I - No âmbito da impugnação da decisão sobre a matéria de facto, a falta de prova de determinada factualidade não acarreta, a contrario, a prova da factualidade inversa.
II - Do elenco dos factos provados da sentença não devem constar afirmações genéricas, conclusivas ou que comportem matéria de direito.
III - Em ação de reivindicação, provada a propriedade do imóvel reivindicado e que o imóvel se encontra sob a detenção do réu, caberá ao réu, para obstar à condenação na restituição do imóvel, alegar e provar que tal detenção ou ocupação se funda num título legítimo.
IV - A factualidade atinente à existência desse título legítimo para a ocupação constitui, na estrutura da ação de reivindicação, matéria de exceção, impeditiva da procedência do pedido de condenação na restituição, sendo que o ónus de alegação e prova dos factos impeditivos recai sobre o réu (arts. 1311.º, n.º 2 e 342.º, n.º 2, ambos do Cód. Civil).
V - Estando em causa um imóvel adquirido onerosamente pelos cônjuges, na pendência de casamento celebrado sob o regime de comunhão geral de bens, a extinção do vínculo conjugal pelo divórcio não altera a natureza jurídica do património comum decorrente do regime de bens, que se mantém até à divisão de tal património, nomeadamente, pela partilha.
VI - Na situação em análise, em que um dos ex-cônjuges faleceu após o divórcio sem ter sido efetuada a partilha dos bens comuns do dissolvido casal, tal imóvel continua a integrar o património comum, ainda não partilhado, do ex-casal, sucedendo, por força do óbito, na posição desse ex-cônjuge falecido as suas duas filhas, habilitados como únicas herdeiras daquele.
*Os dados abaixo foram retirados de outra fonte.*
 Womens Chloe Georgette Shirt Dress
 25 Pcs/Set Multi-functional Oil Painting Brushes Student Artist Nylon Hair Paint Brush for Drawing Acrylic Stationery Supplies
VII - Perante a existência de um documento escrito e assinado denominado contrato-promessa de arrendamento que contém o acordo das partes quanto às cláusulas reguladoras do contrato de arrendamento a celebrar, acompanhado da entrega do imóvel prometido arrendar e do pagamento do valor estipulado como contrapartida do gozo do imóvel, é de considerar existir contrato de arrendamento.
VIII - Tendo tal contrato sido outorgado por uma das herdeiras do ex-cônjuge falecido, na invocada qualidade de cabeça de casal da herança ilíquida e indivisa aberta por óbito daquele, com o acordo da outra herdeira e sem intervenção do ex-cônjuge sobrevivo, aplica-se o regime previsto nos arts. 1682.º-A, n.º 1, e 1684.º, ambos do Cód. Civil, e não o regime previsto no art. 1024.º, n.º 2, do Cód. Civil, dado que a aplicação de tal disposição legal por força do disposto no art. 1404.º do Cód. Civil, só ocorre se não houver regime especial.